POJ 2002, Squares

Time Limit: 3500MS  Memory Limit: 65536K
Total Submissions: 6320  Accepted: 2024

Description
A square is a 4-sided polygon whose sides have equal length and adjacent sides form 90-degree angles. It is also a polygon such that rotating about its centre by 90 degrees gives the same polygon. It is not the only polygon with the latter property, however, as a regular octagon also has this property.

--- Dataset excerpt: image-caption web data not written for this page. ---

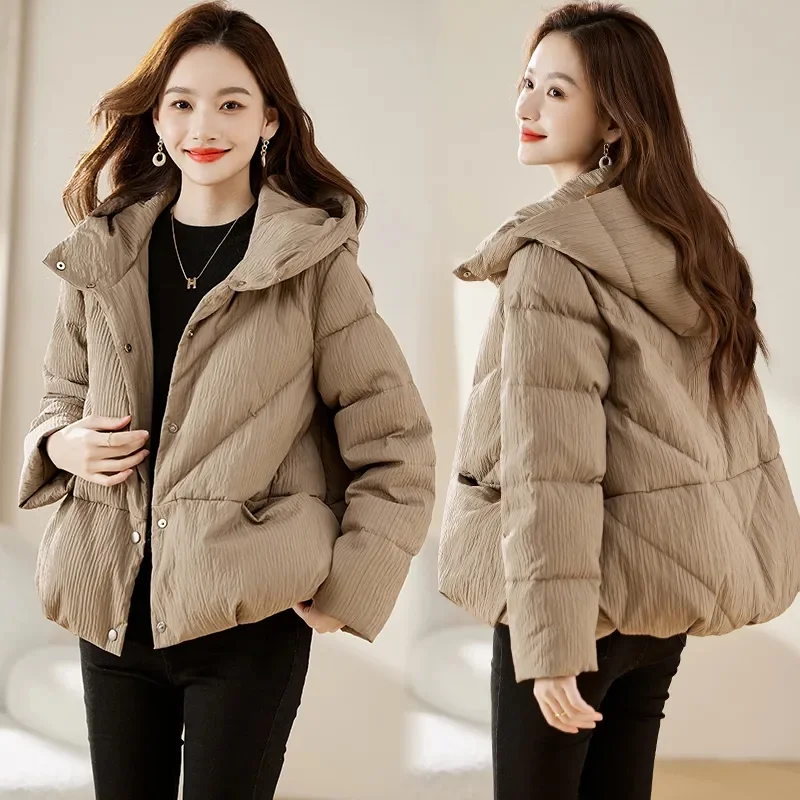 Piumino in cotone leggero con cappuccio Parka coreano da donna con cerniera invernale 2025 Nuovo cappotto caldo allentato e spesso alla moda Capispalla W1409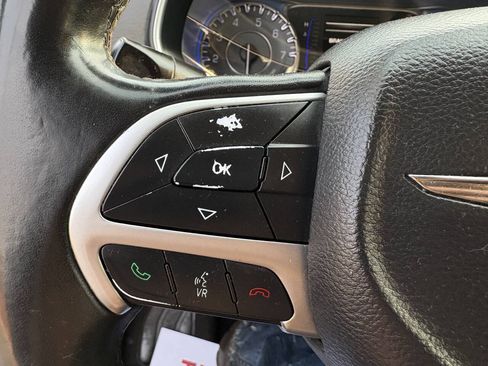 Used 2015 Chrysler 200 Limited w/ Convenience Group FWD image 25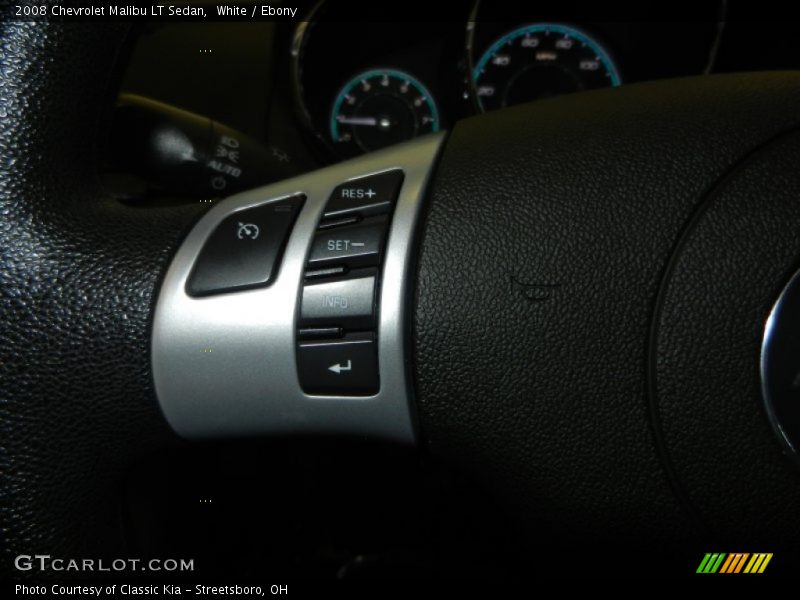 White / Ebony 2008 Chevrolet Malibu LT Sedan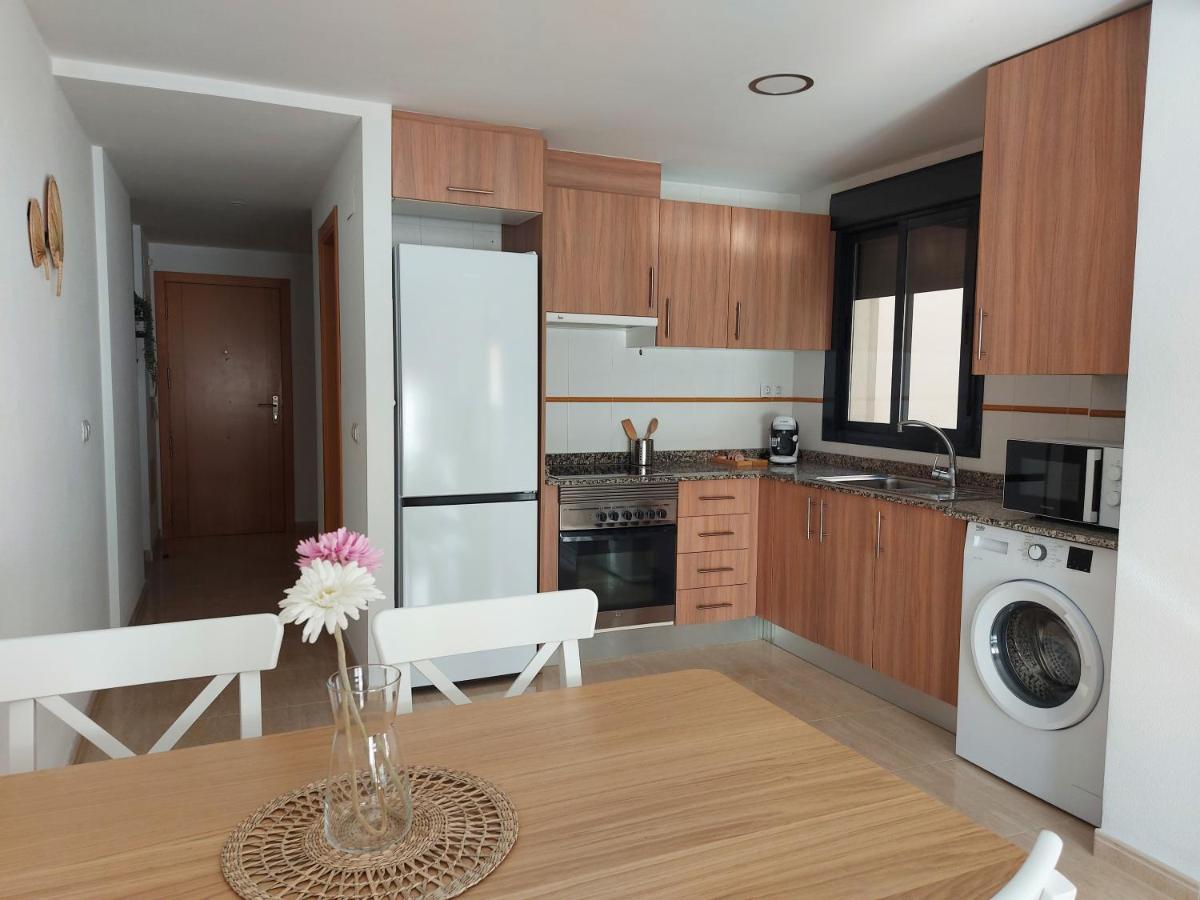 אל קאמפיו Apartamento En Residencial Con Piscina מראה חיצוני תמונה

So we all know what a square looks like, but can we find all possible squares that can be formed from a set of stars in a night sky? To make the problem easier, we will assume that the night sky is a 2-dimensional plane, and each star is specified by its x and y coordinates.

 

Input
The input consists of a number of test cases. Each test case starts with the integer n (1 <= n <= 1000) indicating the number of points to follow. Each of the next n lines specify the x and y coordinates (two integers) of each point. You may assume that the points are distinct and the magnitudes of the coordinates are less than 20000. The input is terminated when n = 0.

Output
For each test case, print on a line the number of squares one can form from the given stars.

Sample Input
4
1 0
0 1
1 1
0 0
9
0 0
1 0
2 0
0 2
1 2
2 2
0 1
1 1
2 1
4
-2 5
3 7
0 0
5 2
0

Sample Output
1
6
1

Source
Rocky Mountain 2004

---

// POJ2002.cpp : Defines the entry point for the console application.
//

#include <iostream>
#include <algorithm>
using namespace std;

struct Point
{
    int x;
    int y;
};

struct Node
{
    Node():next(0){}
    int x;
    int y;
    Node* next;
};

bool findPoint(Node hash[], int x, int y, int SIZE)
{
    int key = (x * x + y * y) % SIZE;
    Node* pt = &hash[key];
    while (pt->next != NULL)
    {
        pt = pt->next;
        if (pt->x == x && pt->y == y)return true;
    }
    return false;
};

int main(int argc, char* argv[])
{
    const int SIZE = 33119;
    Point pts[1000];
    Node hash[SIZE];

    int n;
    while(cin >> n && n != 0)
    {
        memset(hash,0,sizeof(hash));
        for (int i = 0; i < n; ++i)
        {
            Node* pn = new Node;
            scanf("%d %d", &pts[i].x, &pts[i].y);
            pn->x = pts[i].x;
            pn->y = pts[i].y;
            int key = (pn->x * pn->x + pn->y * pn->y) % SIZE;
            Node* pt = &hash[key];
            while (pt->next != NULL)pt = pt->next;
            pt->next = pn;
        }

        int cnt = 0;
        for(int i = 0; i < n; ++i)
            for (int j = i + 1; j < n; ++j)
            {
                int x = pts[i].x - pts[j].x;
                int y = pts[i].y - pts[j].y;

                int x1 = pts[i].x + y;
                int y1 = pts[i].y - x;
                int x2 = pts[j].x + y;
                int y2 = pts[j].y - x;

                if (findPoint(hash,x1,y1,SIZE) && findPoint(hash,x2,y2,SIZE)) ++cnt;

                x1 = pts[i].x - y;
                y1 = pts[i].y + x;
                x2 = pts[j].x - y;
                y2 = pts[j].y + x;

                if (findPoint(hash,x1,y1,SIZE) && findPoint(hash,x2,y2,SIZE)) ++cnt;
            };

        cout << (cnt >> 2) << endl;
    }
    return 0;
}